Dipping my toes into the lands of F# and functional programming

Mid-2018, after quite some time spent in C# and Azure lands I decided it was time for a change. The next job, I said to myself, is going to have at least one new tech element to it. So, early in 2019 I joined a new company called Jet.com. [You can find some amazing blog posts written by my colleagues at the Jet Tech Blog.]

The things that attracted me at Jet were the tech stack and the scale. I finally got to use a functional language such as F# in production. To be completely honest, before this position, functional languages always seemed like a niche to me. Besides, languages like C# have ingested a lot of functional features to make them better. As you might expect, 3 months in, my views are starting to change.

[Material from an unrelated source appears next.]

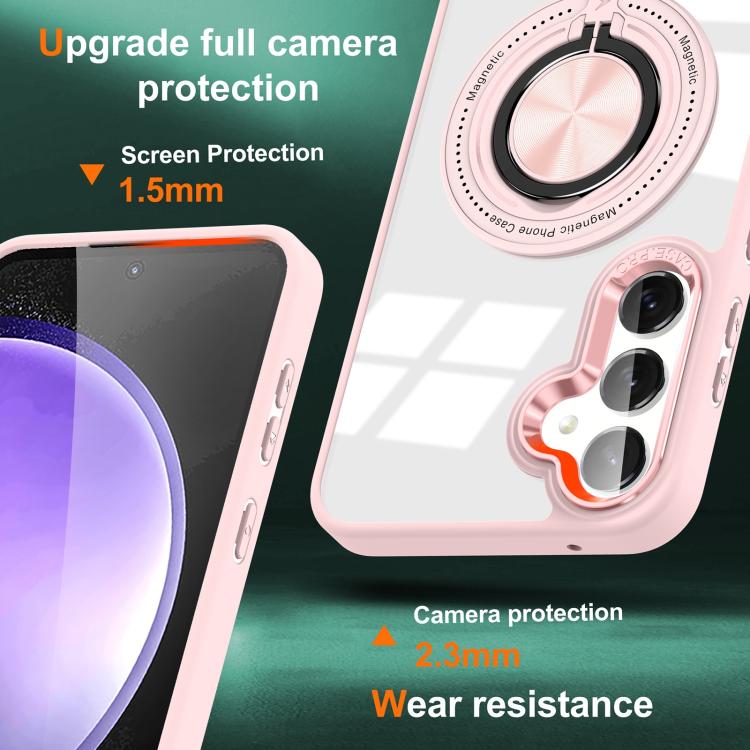 Custodia per telefono con supporto ad anello rotante magnetico, For Samsung Galaxy S25+ 5G, For Samsung Galaxy S25 Ultra 5G, For Samsung Galaxy S24 Ultra 5G, For Samsung Galaxy S24+ 5G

So what did I learn in the last months and what do I think about F#? That’s my list so far (guaranteed to be revised in another 3 months!):

  • For a person grown on Pascal and C-like languages, F# syntax looks odd for the first “many” weeks. It takes time to adjust to the Python-like indentation-based blocks. The presence of the “{ }” brackets is confusing since they are used for quite a few things including “async” code.
  • F# is multi-paradigm language on top of .NET. That makes it support things such as classes, for loops and other “not entirely function things“. You can write imperative code in F#. It will look ugly as hell, but you can do it.
  • Type inference is crazy! Most of the time you can get away with using a type on anything. C# is seems like a half-baked potato compared to its sibling. The downside becomes apparent when trying to refactor code. One small change in a one function can lead to hundreds of compilation errors as the type inference starts deciding values and arguments have different types.
  • It’s all .NET stack so the hard learning curve that one would expect is non a thing (if you come from other .NET languages).
  • Works like a charm on .NET Core and docker containers on Linux. [Hard to imagine what Microsoft looks like these days isn’t it?!]
  • I have not written one loop yet and I used a recursive function only once. Most of the sequence processing is done using the standard modules and function such as Seq.map.
  • Currying, partial application and other “functions creating functions” concepts are not hard to get around if you used C#’s lambdas and delegates for a while.
  • For a person like me that used to write assembler it is hard to let go to the micro-optimizations. One can always write more optimized hand-crafted imperative code. It still takes discipline for me not to drop those immutable Maps or lists in favor of their mutable counterparts. On the other hand, having default immutability on objects makes things much nicer.

These are just my first impressions and I do already sense there is some functionality that I wouldn’t be able t give up in the future!